Tuesday, December 29, 2009

More Armchair Quarterbacking

I'm with ESPN's Howard Bryant here, on the benching of Colts starters:

But here is where the entire logic of resting starters in December collapses: In the most dangerous and violent of sports, football coaches don't practice this protective strategy during the season. If Caldwell or any coach were going to rest starters at the end of the season, he should do so during the entirety of the season, following the NBA approach (it is commonplace to watch Kobe Bryant or Tim Duncan watching a fourth-quarter blowout from the bench).

Take, for example, how Caldwell handled Manning earlier this season:

• Led 31-10 in Week 3 at Arizona with 11:31 left. Manning played the whole game.

• Led 28-3 in Week 4 versus Seattle with 8:02 left in the third quarter. Manning played the whole game.

• Led 31-9 in Week 5 at Tennessee with 7:32 left and a bye week coming up. Manning played the whole game.

• Led 28-6 in Week 7 at St. Louis at the end of third quarter. Manning played the whole game.

So Caldwell coached a certain way all season long. Why, then, would Manning be more at risk on Sunday than he had been during the rest of the regular season? If the stated objective is to win the Super Bowl, wasn't Manning unnecessarily at risk on the field for the entire game in a 42-6 win over the Rams?

Taking out his starters would have made more sense under the following conditions: 1. The game was especially physical and/or dirty; 2. Weather increased the risk of injury; 3. The result of the game was no longer in doubt; or, 4. The players in question were already playing with injuries that threatened their playoff availability.

When Manning was removed, he had not been sacked nor intercepted. The Jets are a tough, physical defensive team, but Manning had completed 14 of 21 passes for 192 yards. The two teams are formal rivals, but the game itself wasn't a particularly edgy one in which a star player was at greater risk of injury due to a cheap shot or rougher play. Weather, naturally, was not a factor because the Colts play indoors. At 15-10 with five minutes left in the third, the outcome of the game was hardly assured, and Manning, who has played in 191 consecutive games -- which is to say every game of his NFL career -- is not an injury risk.

And if injury was truly such a major consideration, why allow Manning to play at all? He could have broken his leg in the first quarter Sunday and could injure himself at Buffalo next week. In short, none of it really made sense.

I'm with Bryant when he says that Coach Caldwell created a distraction- his decision. Good coaches remove distractions. He created one, at precisely the wrong time: right before the playoffs.

None of this is to say that the Colts can't overcome.

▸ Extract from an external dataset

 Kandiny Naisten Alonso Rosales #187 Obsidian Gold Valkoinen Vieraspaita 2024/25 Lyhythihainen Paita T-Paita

They certainly can. Overcoming 16-0 would have been a better 'problem' to deal with, though. Just because the Patriots lost the Super Bowl after going 16-0, well, post hoc; ergo, propter hoc?


Todd S. said...

Apparently I can't resist the bait.

Has Mr. Bryant ever heard of the term "nagging injuries?" Week 14 is different from weeks 3-7 due to the pounding NFL bodies take during the season. Resting at the end makes more sense than during the beginning, and Peyton Manning has indeed been listed on the Colts injury report for the last several weeks (glute).

As far as the NBA comparison, well, I'll admit to knowing very little about that league.

San Diego has already come out and said that their starters will play very little this week. It's not like the Colts are doing something "revolutionary" in the NFL.

Mike Kole said...

You're a good man. :-)

I think you and I agreed about the brass ring, and that's something the Chargers aren't chasing. They can't move up or down, and can't attain perfection, so who cares? But, if their last game is a home game, and I'm a Chargers fan living in San Diego, there's no way I buy that ticket.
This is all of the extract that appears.